Download or read book The West Aryans written by John Clark Ridpath and published by . This book was released on 1897 with total page 834 pages. Available in PDF, EPUB and Kindle. Book excerpt:

Book Aryans  Jews  Brahmins

    Book Details:
  • Author : Dorothy M. Figueira
  • Publisher : State University of New York Press
  • Release : 2012-02-01
  • ISBN : 0791487830
  • Pages : 218 pages

Download or read book Aryans Jews Brahmins written by Dorothy M. Figueira and published by State University of New York Press. This book was released on 2012-02-01 with total page 218 pages. Available in PDF, EPUB and Kindle. Book excerpt: In Aryans, Jews, Brahmins, Dorothy M. Figueira provides a fascinating account of the construction of the Aryan myth and its uses in both India and Europe from the Enlightenment to the twentieth century. The myth concerns a race that inhabits a utopian past and gives rise first to Brahmin Indian culture and then to European culture. In India, notions of the Aryan were used to develop a national identity under colonialism, one that allowed Indian elites to identify with their British rulers. It also allowed non-elites to set up a counter identity critical of their position in the caste system. In Europe, the Aryan myth provided certain thinkers with an origin story that could compete with the Biblical one and could be used to diminish the importance of the West's Jewish heritage.
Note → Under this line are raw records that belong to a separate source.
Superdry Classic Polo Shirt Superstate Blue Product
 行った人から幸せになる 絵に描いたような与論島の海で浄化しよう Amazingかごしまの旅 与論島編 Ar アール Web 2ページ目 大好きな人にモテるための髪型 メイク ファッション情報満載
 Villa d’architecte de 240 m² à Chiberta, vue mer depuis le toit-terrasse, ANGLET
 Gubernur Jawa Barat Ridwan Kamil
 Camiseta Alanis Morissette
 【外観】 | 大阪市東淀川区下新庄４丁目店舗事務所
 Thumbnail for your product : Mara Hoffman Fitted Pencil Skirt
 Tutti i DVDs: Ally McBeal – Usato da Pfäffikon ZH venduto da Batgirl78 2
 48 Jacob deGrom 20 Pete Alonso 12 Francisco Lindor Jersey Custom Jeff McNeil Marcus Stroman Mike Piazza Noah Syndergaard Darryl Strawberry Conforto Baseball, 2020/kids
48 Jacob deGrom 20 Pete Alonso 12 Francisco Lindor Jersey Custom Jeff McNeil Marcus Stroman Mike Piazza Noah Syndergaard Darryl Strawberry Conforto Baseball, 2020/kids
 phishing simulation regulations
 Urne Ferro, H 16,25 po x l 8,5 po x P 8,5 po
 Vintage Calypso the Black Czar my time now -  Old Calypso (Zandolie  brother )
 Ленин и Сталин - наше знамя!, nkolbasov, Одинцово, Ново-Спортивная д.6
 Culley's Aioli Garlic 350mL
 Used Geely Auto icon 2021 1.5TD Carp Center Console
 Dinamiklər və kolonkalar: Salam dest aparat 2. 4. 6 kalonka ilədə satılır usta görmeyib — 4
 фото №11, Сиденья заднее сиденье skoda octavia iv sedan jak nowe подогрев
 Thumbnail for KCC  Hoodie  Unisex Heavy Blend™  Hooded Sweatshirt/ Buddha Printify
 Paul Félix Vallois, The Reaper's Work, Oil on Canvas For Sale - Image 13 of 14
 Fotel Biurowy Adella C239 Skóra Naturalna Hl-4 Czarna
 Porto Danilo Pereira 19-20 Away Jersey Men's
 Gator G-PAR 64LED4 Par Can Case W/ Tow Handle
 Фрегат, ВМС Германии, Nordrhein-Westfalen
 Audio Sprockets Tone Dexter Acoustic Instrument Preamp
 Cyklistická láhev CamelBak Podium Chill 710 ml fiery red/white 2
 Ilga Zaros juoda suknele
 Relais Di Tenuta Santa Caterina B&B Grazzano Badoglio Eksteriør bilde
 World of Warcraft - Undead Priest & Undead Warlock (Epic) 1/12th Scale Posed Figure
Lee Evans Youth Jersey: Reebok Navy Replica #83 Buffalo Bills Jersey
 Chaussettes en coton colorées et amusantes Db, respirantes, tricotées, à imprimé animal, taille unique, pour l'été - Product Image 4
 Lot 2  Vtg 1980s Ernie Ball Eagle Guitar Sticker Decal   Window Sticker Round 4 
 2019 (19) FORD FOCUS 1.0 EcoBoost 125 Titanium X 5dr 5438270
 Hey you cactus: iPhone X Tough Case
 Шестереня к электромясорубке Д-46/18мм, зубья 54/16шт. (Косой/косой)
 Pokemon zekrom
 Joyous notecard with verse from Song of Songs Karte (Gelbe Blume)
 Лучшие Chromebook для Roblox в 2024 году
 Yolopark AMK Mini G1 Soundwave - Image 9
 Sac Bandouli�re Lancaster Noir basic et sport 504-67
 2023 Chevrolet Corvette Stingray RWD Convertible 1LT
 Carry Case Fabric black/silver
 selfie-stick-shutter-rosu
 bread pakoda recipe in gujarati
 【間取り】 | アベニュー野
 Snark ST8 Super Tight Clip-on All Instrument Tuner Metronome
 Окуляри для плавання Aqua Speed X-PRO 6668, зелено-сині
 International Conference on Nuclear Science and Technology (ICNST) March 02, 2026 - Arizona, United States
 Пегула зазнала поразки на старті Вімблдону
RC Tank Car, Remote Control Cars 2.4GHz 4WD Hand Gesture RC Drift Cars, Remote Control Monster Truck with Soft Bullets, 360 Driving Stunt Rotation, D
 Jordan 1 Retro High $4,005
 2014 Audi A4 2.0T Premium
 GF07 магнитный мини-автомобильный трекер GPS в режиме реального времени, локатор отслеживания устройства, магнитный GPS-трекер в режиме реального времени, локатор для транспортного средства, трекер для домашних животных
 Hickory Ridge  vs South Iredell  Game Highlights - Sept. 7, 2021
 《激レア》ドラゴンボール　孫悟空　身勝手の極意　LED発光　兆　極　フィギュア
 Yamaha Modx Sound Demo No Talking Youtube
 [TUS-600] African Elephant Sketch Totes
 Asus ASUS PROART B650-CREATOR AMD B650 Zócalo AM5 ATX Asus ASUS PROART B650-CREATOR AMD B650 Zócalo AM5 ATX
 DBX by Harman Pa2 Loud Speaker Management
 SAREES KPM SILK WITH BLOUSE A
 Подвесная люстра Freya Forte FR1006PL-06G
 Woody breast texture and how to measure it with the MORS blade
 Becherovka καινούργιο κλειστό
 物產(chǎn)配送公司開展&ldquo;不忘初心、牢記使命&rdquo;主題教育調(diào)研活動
European racial hygienists made much of the myth of a pure Aryan race, and the Nazis later looked at India as a cautionary tale of what could happen if a nation did not remain "pure." As Figueira demonstrates, the history of the Aryan myth is also a history of reading, interpretation, and imaginative construction. Initially, the ideology of the Aryan was imposed upon absent or false texts. Over time, it involved strategies of constructing, evoking, or distorting the canon. Each construction of racial identity was concerned with key issues of reading: canonicity, textual accessibility, interpretive strategies of reading, and ideal readers. The book's cross-cultural investigation demonstrates how identities can be and are created from texts and illuminates an engrossing, often disturbing history that arose from these creations.

Book The West Aryans

    Book Details:
  • Author : John Clark Ridpath
  • Publisher :
  • Release : 1893
  • ISBN :
  • Pages : 400 pages

Download or read book The West Aryans written by John Clark Ridpath and published by . This book was released on 1893 with total page 400 pages. Available in PDF, EPUB and Kindle. Book excerpt:

Book The Quest for the Origins of Vedic Culture

Download or read book The Quest for the Origins of Vedic Culture written by Edwin Bryant and published by Oxford University Press, USA. This book was released on 2001 with total page 400 pages. Available in PDF, EPUB and Kindle. Book excerpt: This work studies how Indian scholars have rejected the idea of an external origin of the Indo-Aryans, by questioning the logic assumptions and methods upon which the theory is based.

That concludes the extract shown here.